= Gwen Hennessey =

American Catholic nun and peace activist (born 1932)

Gwen Hennessey, O.S.F., (born 1932) is an American Catholic Franciscan Sister and peace activist, most widely known for her protests against the School of the Americas.

==Biography==
Hennessey was born on September 29, 1932, on a farm in Buchanan County, Iowa. Her parents were Anna Killias Hennessey and Maurice Hennessey. She was the thirteenth of fifteen children born to her parents. Their parents modeled generosity to the poor, sheltering tramps who needed food during the depression. Several of Hennessey's siblings would go on to have religious vocations. Her older sisters Dorothy and Miriam became Franciscan nuns, and her brother Ron Hennessey became a priest.

Hennessey graduated from St Patrick's school in Ryan, Iowa, in 1948. She took a year off from school to help her mother, then attended college at Briar Cliff College in Sioux City, where she earned a degree in education and English literature. She joined the Franciscan order in 1956.

She took part in a protest march in the 1960s in Antioch, Illinois. African Americans were banned from the city, and Martin Luther King Jr. was marching with her. She also helped Cesar Chavez, leader of the United Farm Workers, organize migrant workers in California.

Hennessey taught in Chicago, Illinois, and studied at the Jesuit School of Theology in Chicago (JSTC). While living in Chicago, she began to participate in the nuclear disarmament movement as a member of the grassroots activist organization, Clergy and Laity Concerned (CALC). Established in 1965 to organize religious leaders against the Vietnam war, by the 1970s CLAC had broadened to address a range of social justice issues, including the proliferation of nuclear weapons.

Hennessey returned to Iowa in the 1980s where she helped establish the Catholic Peace Ministry, in Des Moines, and continued to be active in a variety of peace related activities. She then moved to New York City where she earned a master's degree from the Maryknoll School of Theology in New York, and worked as co-director of the Maura Clarke/Ita Ford Center. She later worked at the Appalachian Office of Justice and Peace, before returning to Dubuque, Iowa.

Hennessey began serving as the live-in director of the Clare Guest House, in Sioux City, in 2005.

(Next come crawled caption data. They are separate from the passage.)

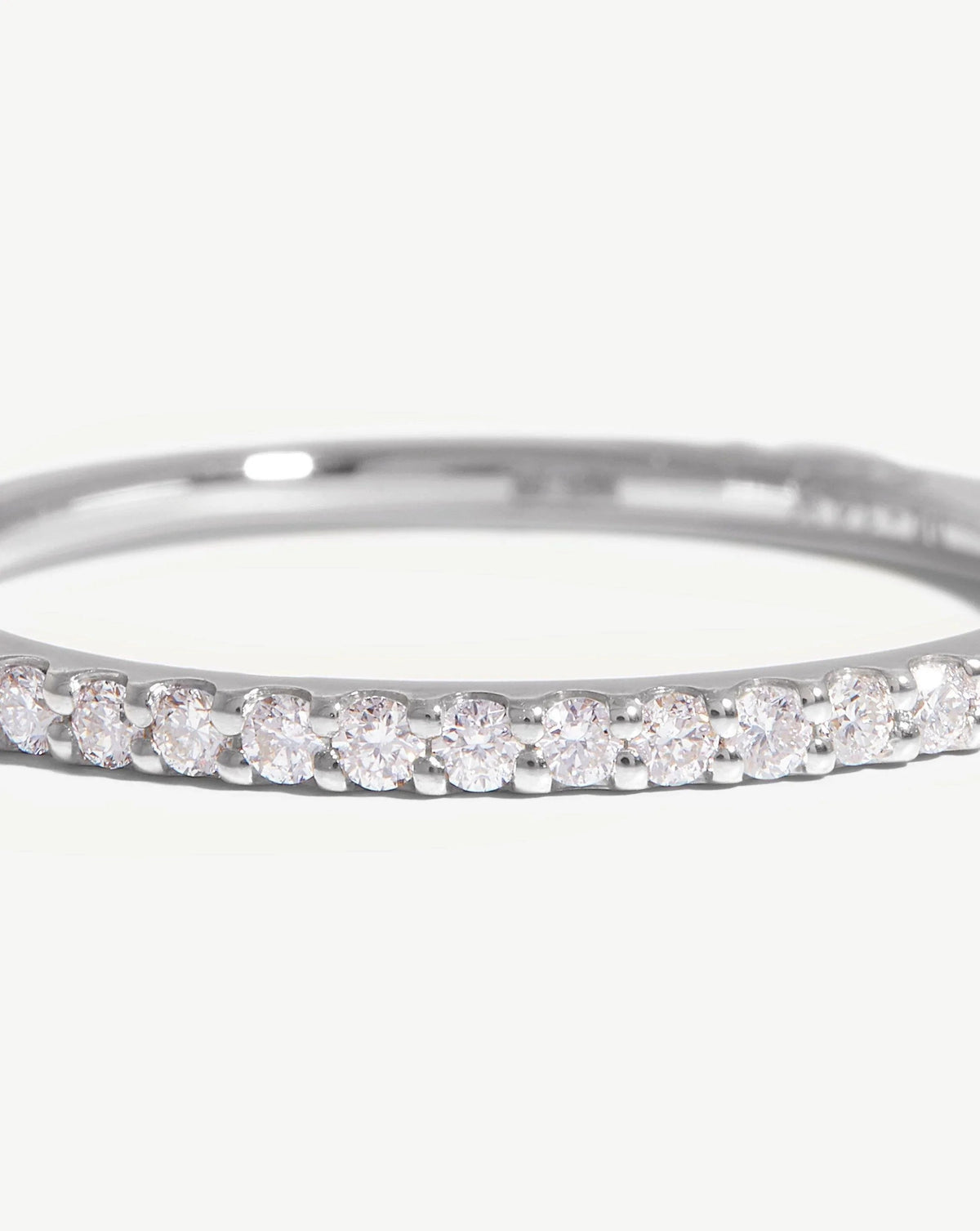 Fine Slim Half Eternity Ring | 14ct White Gold/Diamond Rings Missoma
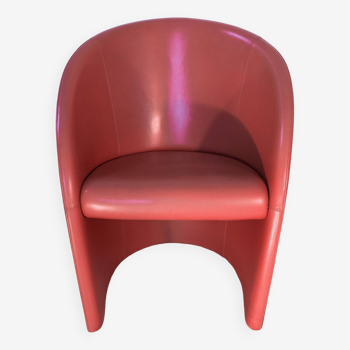 Coral leather armchair Massimo and Lella Vignelli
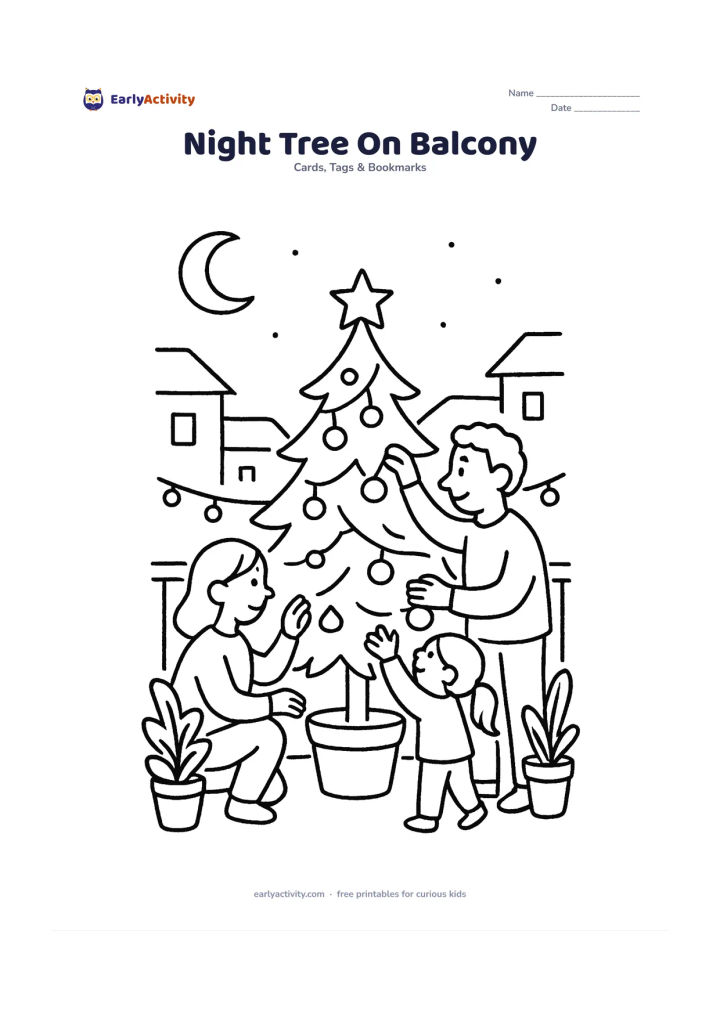 Worksheet: Draw a family decorating a Christmas tree on an apartment balcony at night, with strings of lights, potted plants and a crescent moon above nearby rooftops. Show one adult holding a…
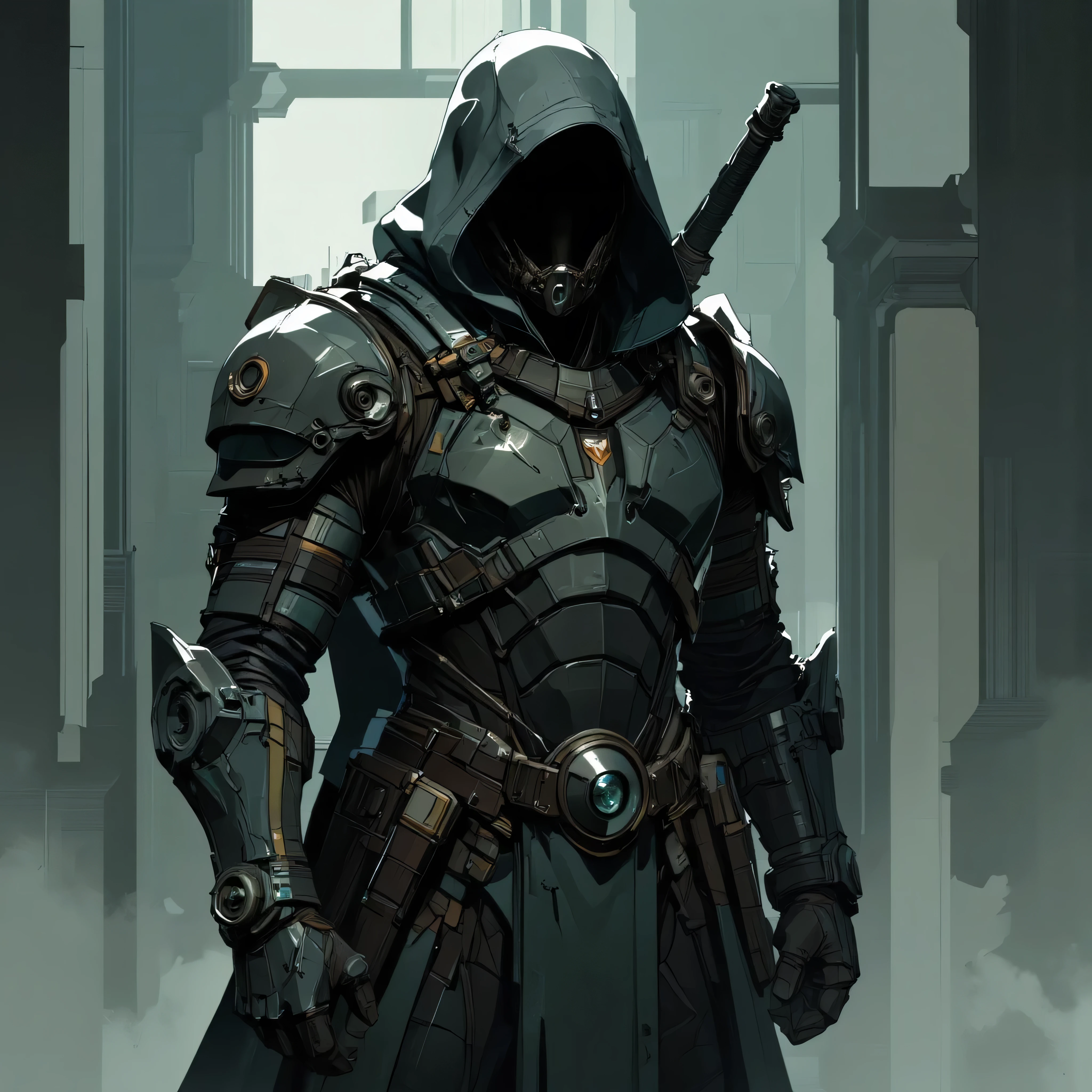 A full-body portrait of a futuristic armored warrior wearing a hooded cloak, standing still in a cold, desaturated environment. The armor is dark, matte black and gray, made of modular mechanical plates, with tactical components and sci-fi detailing — wires, panels, and reinforced joints. The figure is heavily geared with high-tech attachments, subtle utility pouches, and a sheathed katana on the back. The face is completely obscured under the hood, adding a mysterious, faceless silhouette. The lighting is minimal, with soft ambient shadows and low-contrast fog in the background. The atmosphere is muted and dystopian, giving a gritty and industrial tone. No bright colors, only shades of gray, black, and desaturated steel. Concept art style, cinematic framing, ultra-detailed rendering, 4K resolution, photorealistic textures, static pose, center composition.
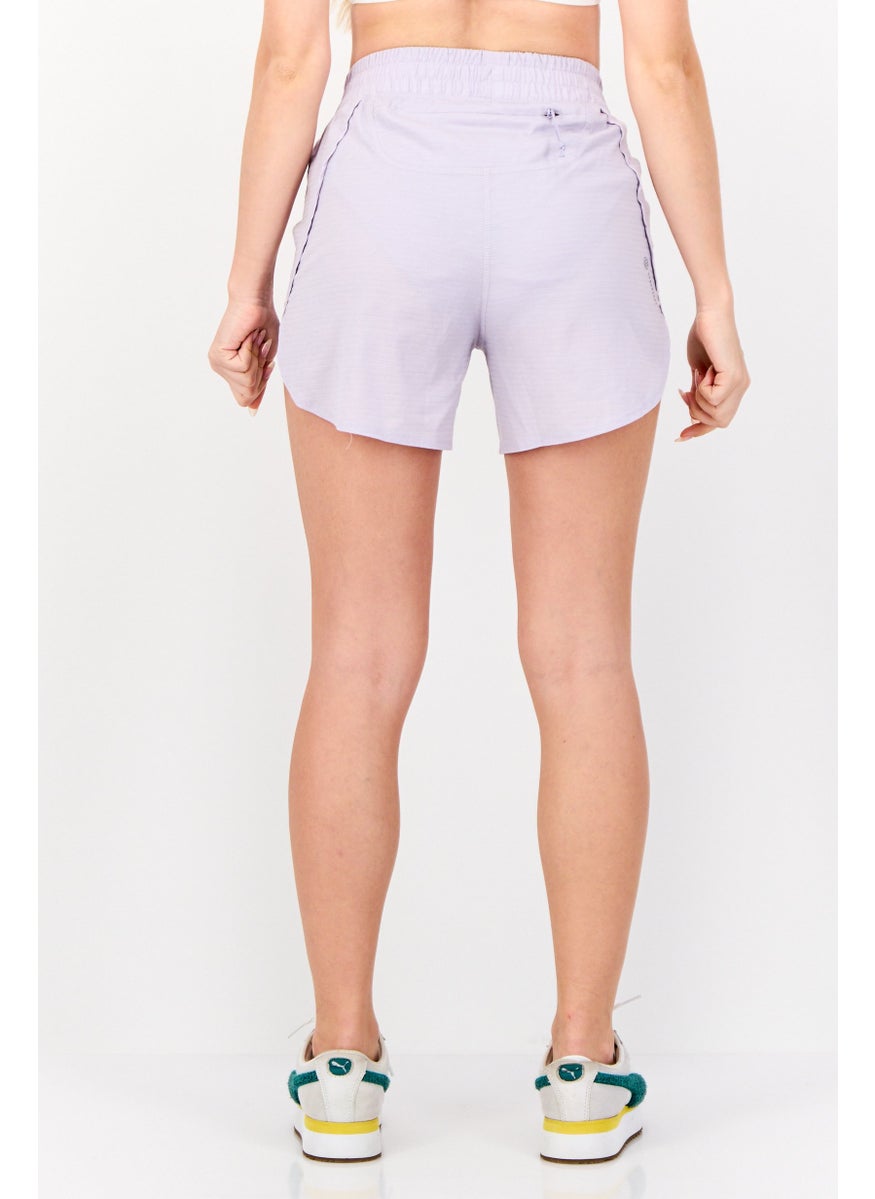 Adidas Women Sportswear Fit 4 Inseam Training Shorts, Lavender  - Image 4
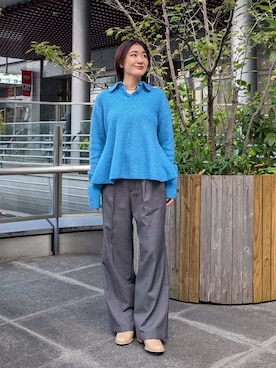 「アイテム（ポロシャツ）」を使った、Mila Owenさん（レディース・156cm）の秋コーディネート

== School of the Americas Protest ==
In the 1990s, Hennessey became involved the School of the Americas Watch, through her brother Ron, who served as a missionary in Latin America from 1964 until his death in 1999. She joined protests at Fort Benning, Georgia, home of the Army's School of the Americas, a facility for training Latin American soldiers. Protesters had targeted the military training program because they believed instructors taught torture techniques to Latin American military leaders and soldiers. Graduates of the program had been accused of several high-profile atrocities, including the 1989 murders of six Jesuit priests and two women in El Salvador. The school denied these claims and argued that it helped to spread democracy in Latin America.

Hennessey protested repeatedly at the school, beginning in 1997. In 2000, along with her sister, Dorothy, and 13 other women activists, she was arrested and convicted for trespassing. They, along with 3500 protesters, had participated in a mock funeral procession in front of the school. As this was a repeat offense, and after refusing a lighter punishment, she was sentenced to six months in jail. She served the full sentence at the Federal Prison Camp [FPC] in Pekin, Illinois. Her sister Dorothy, at age 88, also refused a lighter sentence of house arrest, and was given a six-month jail term. She served for forty five days at the federal camp, then was moved to Elm Street Correctional Facility in Dubuque, Iowa. She was later assigned to do community service caring for people living with AIDS, in Cedar Rapids, Iowa.

Protests against the school garnered lots of publicity and the school was closed in 2000. It re-opened under the new name of Western Hemisphere Institute for Security Cooperation (WHISC).

== Awards ==
In 1997, Hennessey was given the Bishop Dingman Peace Award by Catholic Peace Ministry. Iowa senator Tom Harkin was the keynote speaker at the award program.

In 2002, Gwen and Dorothy Hennessey were awarded the Pacem in Terris Award by the Davenport Catholic Interracial Council. The award was named after a 1963 encyclical letter by Pope John XXIII that calls upon all people of good will to secure peace among all nations. Pacem in terris is Latin for 'Peace on Earth'.